>>>>>
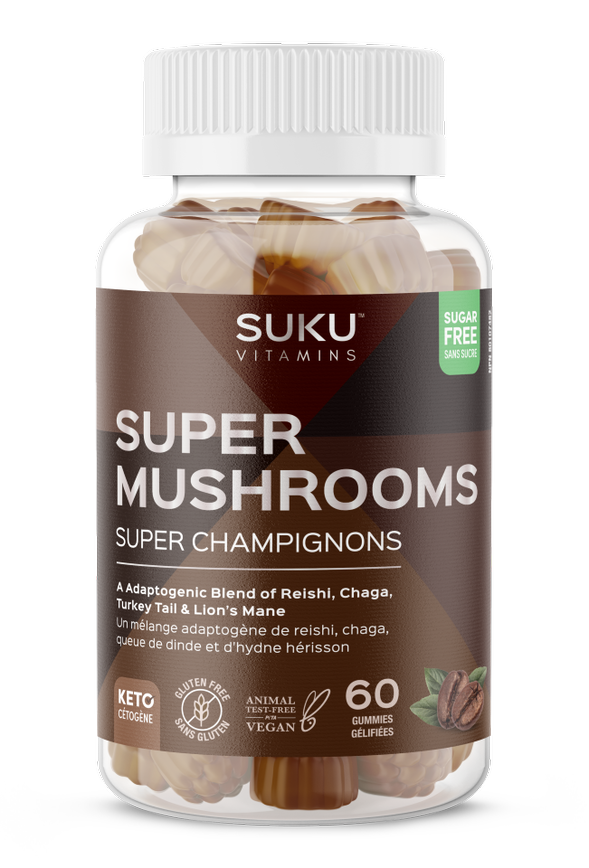 Super Mushrooms Gummies 60
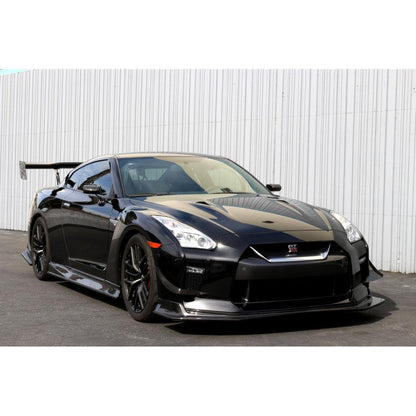 GTC-500 Carbon Fiber Adjustable Wing-2009 - 2023 Nissan R35 GTR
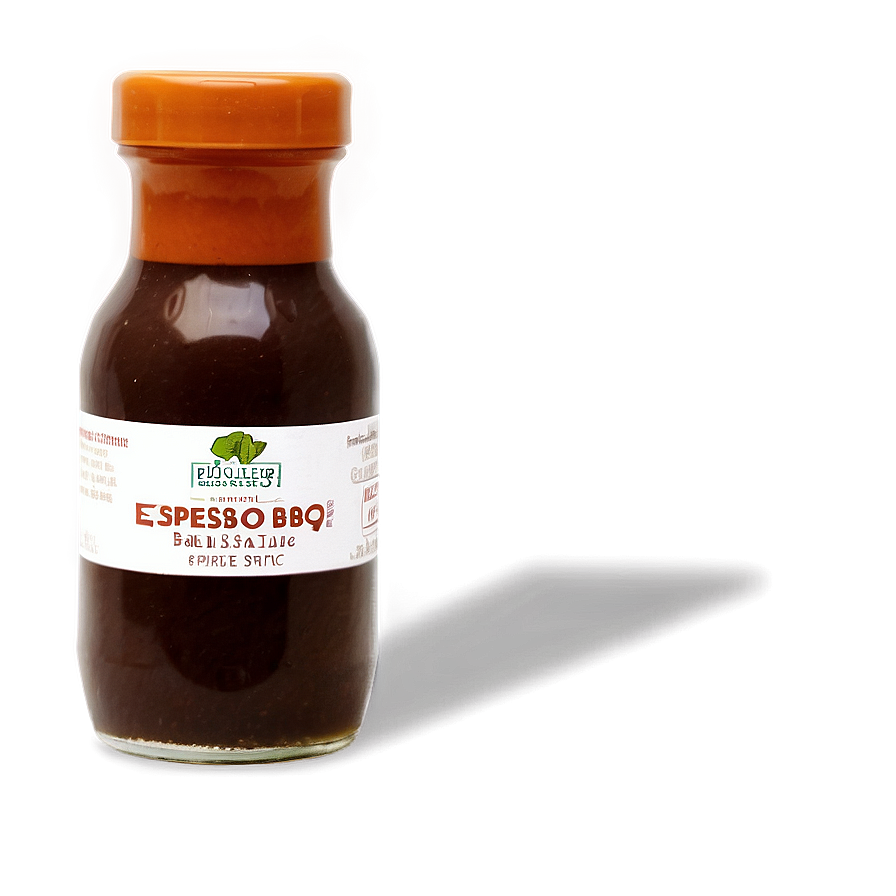 Espresso Bbq Sauce Png Evv PNG image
<<<<<
What needs to be done |
Your copy of the data above should match it exactly, apart from the images.

Finished task |
 Super Mushrooms Gummies 60
 GTC-500 Carbon Fiber Adjustable Wing-2009 - 2023 Nissan R35 GTR
 Espresso Bbq Sauce Png Evv PNG image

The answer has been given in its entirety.